For again I say that therein rich people have defrauded themselves
as well as the poor: you will see a refined and highly educated man
nowadays, who has been to Italy and Egypt, and where not, who can
talk learnedly enough (and fantastically enough sometimes) about
art, and who has at his fingers' ends abundant lore concerning the
art and literature of past days, sitting down without signs of
discomfort in a house, that with all its surroundings is just
brutally vulgar and hideous: all his education has not done more
for him than that.
The truth is, that in art, and in other things besides, the laboured
education of a few will not raise even those few above the reach of
the evils that beset the ignorance of the great mass of the
population: the brutality of which such a huge stock has been
accumulated lower down, will often show without much peeling through
the selfish refinement of those who have let it accumulate. The
lack of art, or rather the murder of art, that curses our streets
from the sordidness of the surroundings of the lower classes, has
its exact counterpart in the dulness and vulgarity of those of the
middle classes, and the double-distilled dulness, and scarcely less
vulgarity of those of the upper classes.
I say this is as it should be; it is just and fair as far as it
goes; and moreover the rich with their leisure are the more like to
move if they feel the pinch themselves.
But how shall they and we, and all of us, move? What is the remedy?
What remedy can there be for the blunders of civilisation but
further civilisation? You do not by any accident think that we have
gone as far in that direction as it is possible to go, do you?--even
in England, I mean?
When some changes have come to pass, that perhaps will be speedier
than most people think, doubtless education will both grow in
quality and in quantity; so that it may be, that as the nineteenth
century is to be called the Century of Commerce, the twentieth may
be called the Century of Education. But that education does not end
when people leave school is now a mere commonplace; and how then can
you really educate men who lead the life of machines, who only think
for the few hours during which they are not at work, who in short
spend almost their whole lives in doing work which is not proper for
developing them body and mind in some worthy way? You cannot
educate, you cannot civilise men, unless you can give them a share
in art.
Yes, and it is hard indeed as things go to give most men that share;
for they do not miss it, or ask for it, and it is impossible as
things are that they should either miss or ask for it. Nevertheless
everything has a beginning, and many great things have had very
small ones; and since, as I have said, these ideas are already
abroad in more than one form, we must not be too much discouraged at
the seemingly boundless weight we have to lift.

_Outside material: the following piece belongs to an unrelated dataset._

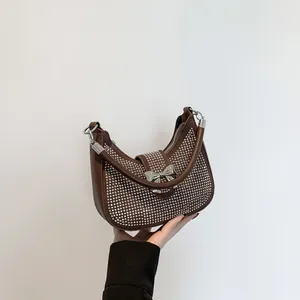 Dark brown underarm bag with silver studs and metal bow, shown held in hand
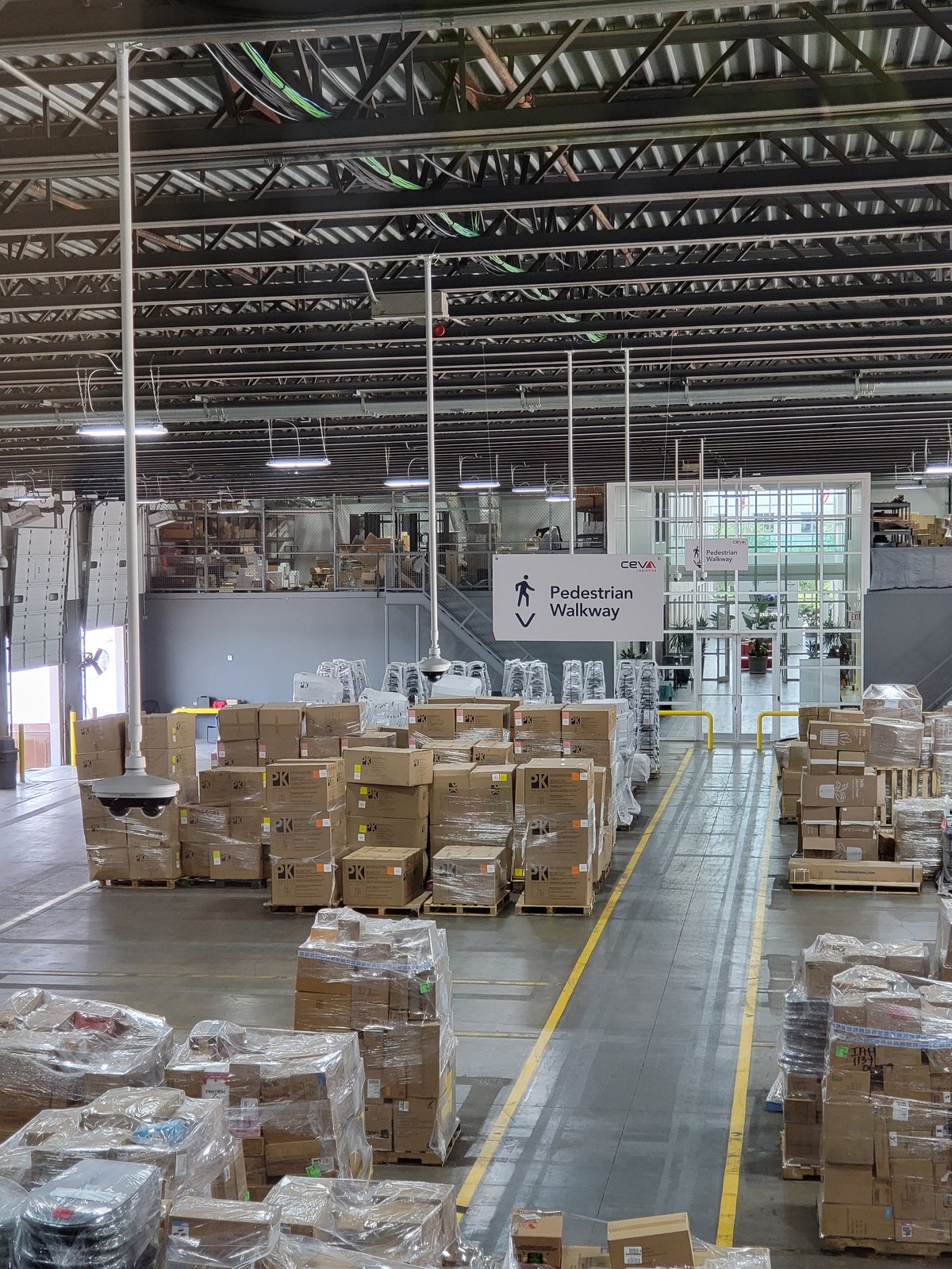 Large warehouse interior with stacked cardboard boxes and packages organized on a floor with yellow safety line markings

After all, we are only bound to play our own parts, and do our own
share of the lifting, and as in no case that share can be great, so
also in all cases it is called for, it is necessary. Therefore let
us work and faint not; remembering that though it be natural, and
therefore excusable, amidst doubtful times to feel doubts of success
oppress us at whiles, yet not to crush those doubts, and work as if
we had them not, is simple cowardice, which is unforgivable. No man
has any right to say that all has been done for nothing, that all
the faithful unwearying strife of those that have gone before us
shall lead us nowhither; that mankind will but go round and round in
a circle for ever: no man has a right to say that, and then get up
morning after morning to eat his victuals and sleep a-nights, all
the while making other people toil to keep his worthless life a-
going.
Be sure that some way or other will be found out of the tangle, even
when things seem most tangled, and be no less sure that some use
will then have come of our work, if it has been faithful, and
therefore unsparingly careful and thoughtful.